What is it about fire lookouts that gives them such an aura of romanticism? The isolation? The simplicity? Gary Snyder, who spent a couple of summers as a fire spotter high above the upper Skagit River in the North Cascades, celebrated the ascetic nature of the lookout:

"fewer the artifacts, less the words

          slowly the life of it

a knack for nonattachment"

Perhaps it is the sense of danger and risk that comes from being so vulnerable to lightning strikes or buffeted by ridge top winds? The magnificent 360-degree views?  "Woke up this morning on an island in the sky, surrounded by clouds," wrote Edward Abbey from his post in Arizona's Atascosa fire lookout. Philip Connors, whose recent book, Fire Season, recalls his decade of staffing a fire tower in New Mexico, talked about "the impressive stage set for a drama of the self."

For me, it is certainly possible that my attraction is about compensating for a quarter of a century of being limited to scanning the flatlands of Kansas. Or maybe I hope to join the literary pantheon who found their muse in a remote lookout retreat -- Snyder, Abbey, Jack Kerouac, Norman Maclean, and, well ... Hughes?
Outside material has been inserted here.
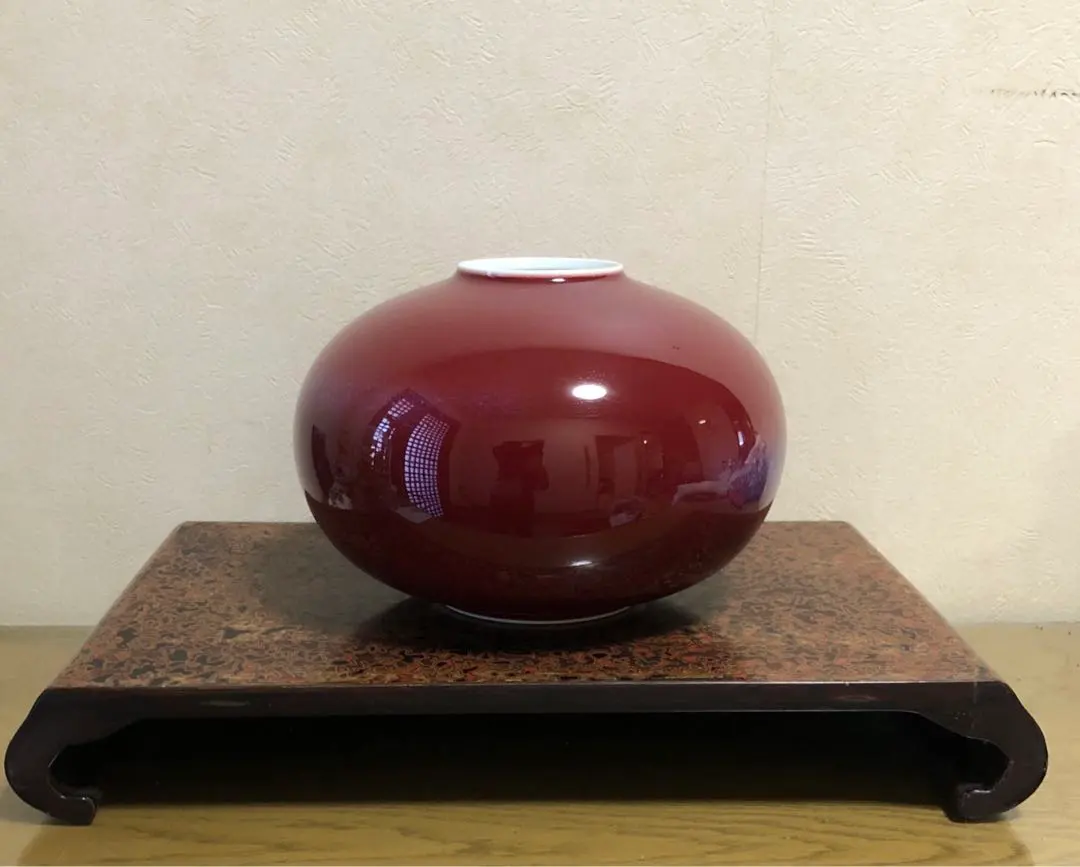 2026年最新】馬場 真右衛門の人気アイテム - メルカリ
Fire lookouts are fast going the way of the typewriter, Kodachrome and the handwritten letter. According to Connors, 90 percent of American lookout towers have been decommissioned with only a few hundred remaining, mostly in the West and Alaska. Not surprisingly, there was a time when high spots throughout inland Humboldt County were dotted with lookouts. They stood atop places like Brannan Mountain, Cold Spring, Iaqua Buttes, Mt. Pierce, and Somes Mountain. Now most functional Humboldt County fire lookouts, like Grasshopper Peak, Schoolhouse Peak, Brush Mountain, and Orleans Mountain, are staffed only in situations of extreme fire danger. They command incredible views and are worth a visit on a beautiful North Coast afternoon. Grasshopper Peak has become a favorite destination for masochistic mountain bikers. Schoolhouse Peak is a nice turnaround after a drive along Bald Hills Road in Redwood National Park (or join the Redwood Parks Association there on Aug. 11-12 to watch the Perseid meteor shower -- call 707-464-9150 to make a reservation). Brush Mountain Lookout, the only one fully staffed in Humboldt County (June through mid-October), welcomes visitors and is easily accessible from Friday Ridge Road southeast of Willow Creek.

Much of this change reflects not only improvements in technology but a philosophical shift in the role that fire plays in forest ecology. Not all fires are bad. It has been increasingly recognized that our ecosystem has evolved so that periodic fires are critical to the maintenance of a healthy balance among plant communities. Along the North Coast, for example, without natural fires the inland prairies and native oak woodlands are quickly overwhelmed by young conifers. It is estimated that about a third of Humboldt County's oak woodland acreage has disappeared since 1850.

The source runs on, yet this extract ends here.